Lee Chang-dong considera que foi decisivo o ano em que foi ministro da Cultura da Coreia. Ele não apenas se confrontou com a diversidade da produção cultural de seu país, como teve de atender a demandas, polemizar sobre o que estava sendo feito. Quando voltou à direção, sentiu-se inseguro como nunca na vida. Com medo de errar a mão, fez o filme mais simples que podia, e escreveu um roteiro tão detalhado que mais parecia um romance.  Secret Sunshine era sobre uma mulher que perdia o marido e, depois, o filho e buscava apoio na religião para a sua dor imensa. Chang-dong ganhou o prêmio de roteiro em Cannes, em 2010, pelo belíssimo Poetry (Poesia).

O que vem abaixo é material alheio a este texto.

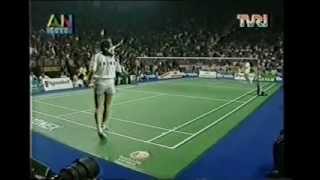 Final Uber Cup di Jakarta Indonesia VS China  ANteveTVRI 21 Mei 1994 Part 9 [upl. by Olympie]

Outra mulher - uma avó - vela pelo neto suspeito de violar garotas. Ela sofre do Mal de Alzheimer e busca nas palavras, na poesia, uma forma de retardar o esquecimento, driblando sua morte em vida. Chang-dong encontrou-se com a reportagem do Estado no Festival de Cannes. Estava feliz com a recepção a seu filme - a entrevista foi feita antes da premiação. Por Secret Sunshine, ele já havia sido premiado em Cannes - melhor atriz. Se houvesse novo prêmio para ele, Chang-dong esperava que fosse de novo o de interpretação feminina.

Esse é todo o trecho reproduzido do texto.